Chen: Tinder basically nailed the product idea from day one. Sometimes that happens. The first version of Instagram just nailed it. The first version of Tinder just nailed it.
Chen: The problem with building all the right features is that then they went and started to invite their friends. This is at a point where online dating is a little bit of a stigma. You're texting your friends and you're almost saying, 'Hey, you seem kind of lonely, I feel like you need a boyfriend.' It's a little bit like an insult.
Chen: Sometimes you actually have all the right features. You just don't have the right network. It's very easy for them to have just stopped right there and said, 'This isn't working, let's move on.'
Sometimes you actually have all the right features. You just don't have the right network.
The Birthday Party That Launched Tinder
Chen: They realized -- how do we get everyone in the app at the same time, all in the same geography, all in one go? They could throw a birthday party. They sponsored this birthday party from one of the really popular people on the USC campus.
Chen: They required you to install Tinder and show it to the bouncer to get into the party. You wouldn't use Tinder at the party. But after the party, the next day, there were a bunch of people that maybe you saw from across the room that you didn't have a chance to talk to. So they would just check the app and off they went.
Chen: If they could get 500 people at a party -- 500 of the most desirable, hyperconnected people in the Greek system -- they could take over the whole USC campus. Then they picked another school, and another school. And they went after schools in the southern states where the Greek system is very powerful.
They required you to install Tinder and show it to the bouncer to get into the party.
LinkedIn: Find the People Still in the Grind
Chen: Reed Hoffman broke it down. At the very top of the hierarchy, you have folks like Bill Gates. Everyone wants to meet them, but someone like that is not that interested in a service that lets you network. On the other side, there's folks who are just breaking in and don't have as much value to add.

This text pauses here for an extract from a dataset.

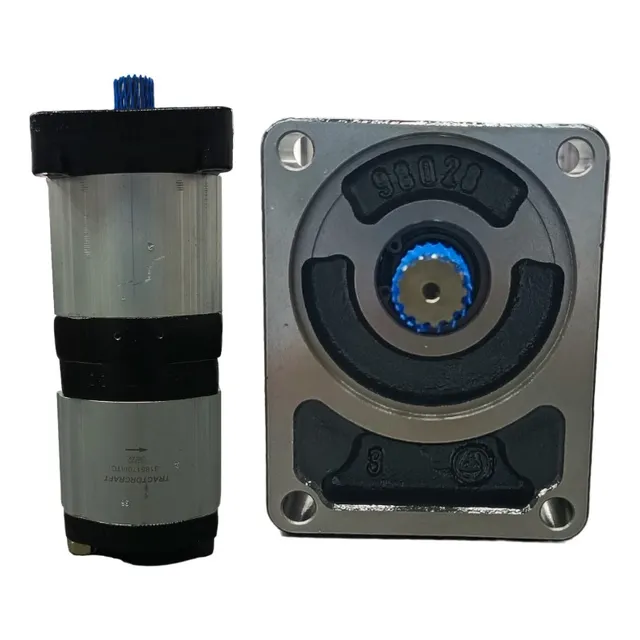 Bomba Hidraulica De Direccion Valtra 900/a850/a990/bf75/bl88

Chen: What Reed and the team did was identify the people who had seen some success but were still in the grind. Still wanted to meet people, still needed to recruit. Mark Pincus, who was starting Zynga at the time -- wasn't done with his career yet. Build LinkedIn using that base of users, and then it'll attract everybody else.

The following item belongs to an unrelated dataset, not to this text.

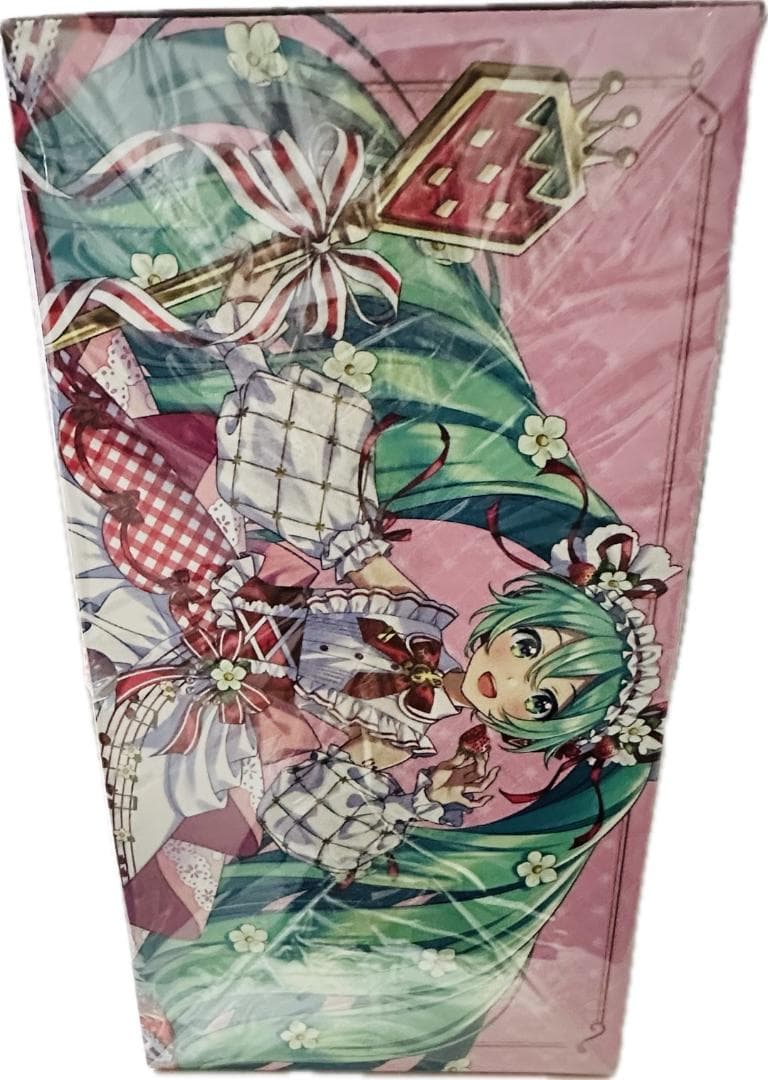 初音ミク 15th ANNIVERSARY VER. 1/7 フィギュア 新品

Build it using people still in the grind. Then it attracts everybody else.
Reddit: Fake Users Until Real Ones Showed Up
Chen: Steve Huffman and Alexis Ohanian said, 'If we don't post content to the homepage, no one's going to view it.' So they wrote scripts and made all these fake users. The fake users would just put content on the screen and fill up the homepage.

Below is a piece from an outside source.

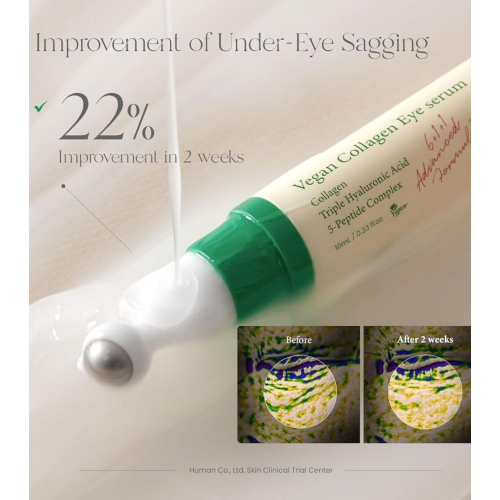 Axis-Y - Eye Contour Serum Vegan Collagen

Chen: On the days they didn't run the script, the homepage would be empty and they would freak out. They would go on vacation and check the homepage -- 'Oh my God, Reddit has nothing on it.' Eventually they added scripts that would scrape the top websites, grab cool headlines from CNN, headlines from Digg, and put them all in.
Chen: Then one day Steve opened up Reddit, had forgotten to run the script, and the homepage was completely full of links. Paul Graham has an amazing essay called 'Do Things That Don't Scale.' The most common unscalable thing founders have to do at the start is recruit users manually. You can't wait for users to come to you. You have to go out and get them.
On the days they didn't run the script, the homepage would be empty and they would freak out.